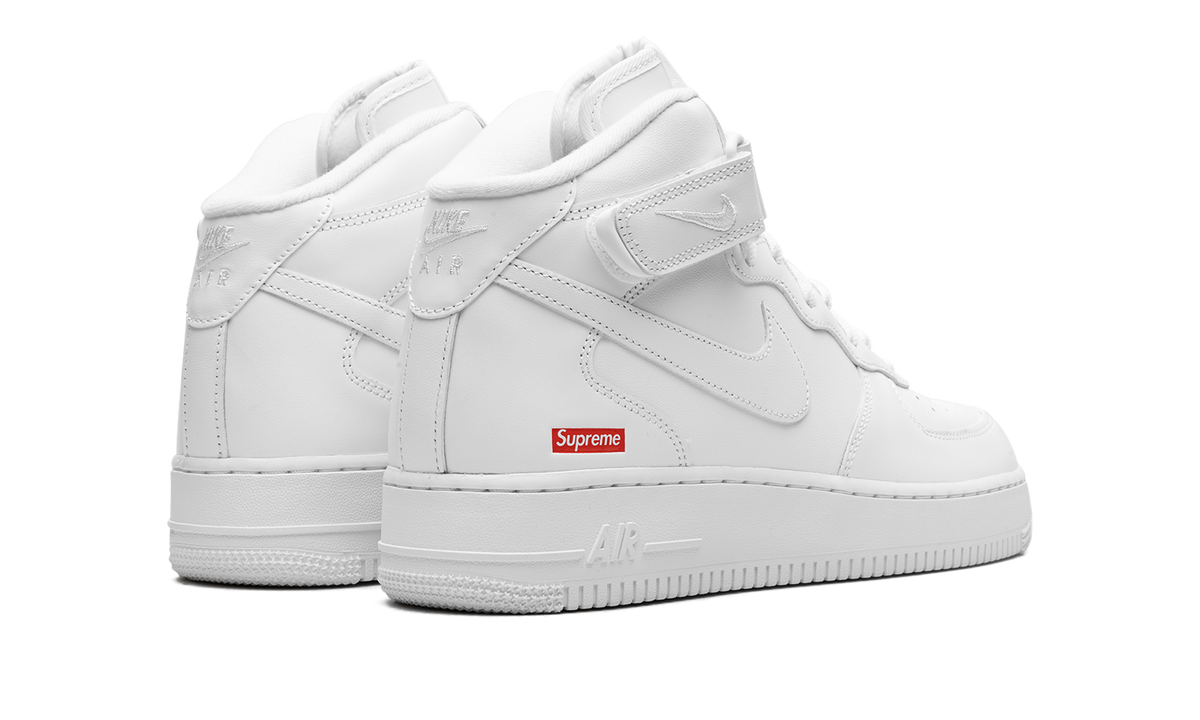 "Supreme - Mini Box Logo White" Air Force 1 Mid FZ8784 100 - product image from the listing.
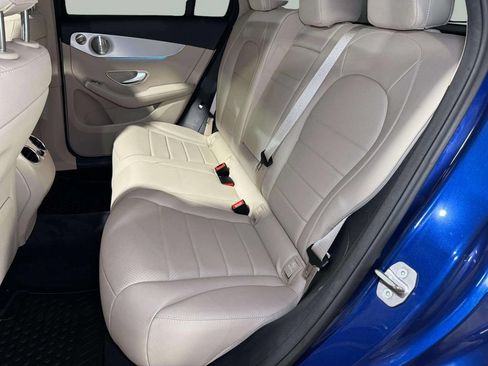 Used 2017 Mercedes-Benz GLC 300 4MATIC image 24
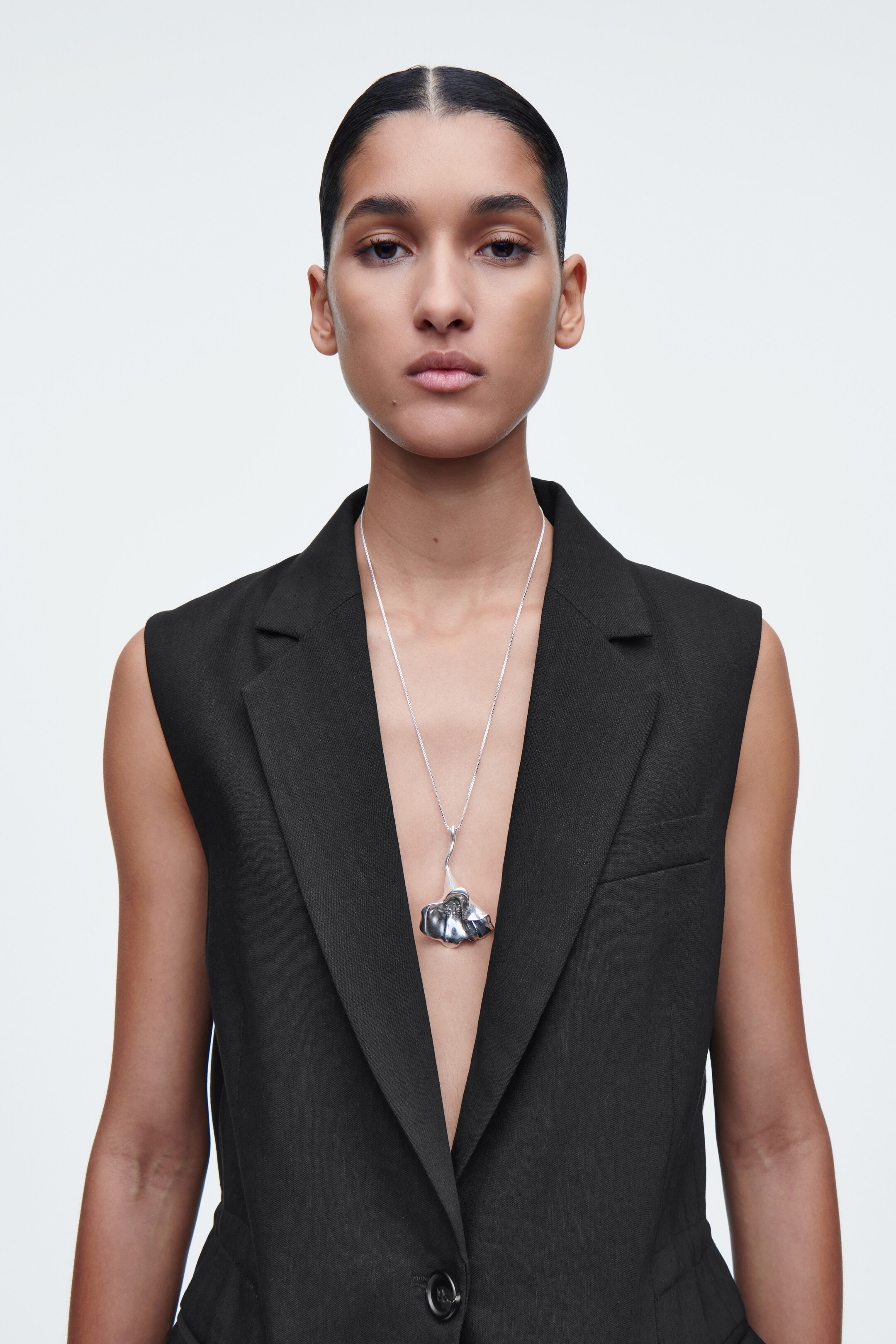 Ingrandisci l'immagine: FLORAL PENDANT NECKLACE - SILVER - DONNA | H&M CH 2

Exercise aim: Leave out the images and write out the listing above exactly.

Answer box:
 "Supreme - Mini Box Logo White" Air Force 1 Mid FZ8784 100 - product image from the listing.
 Used 2017 Mercedes-Benz GLC 300 4MATIC image 24
 Ingrandisci l'immagine: FLORAL PENDANT NECKLACE - SILVER - DONNA | H&M CH 2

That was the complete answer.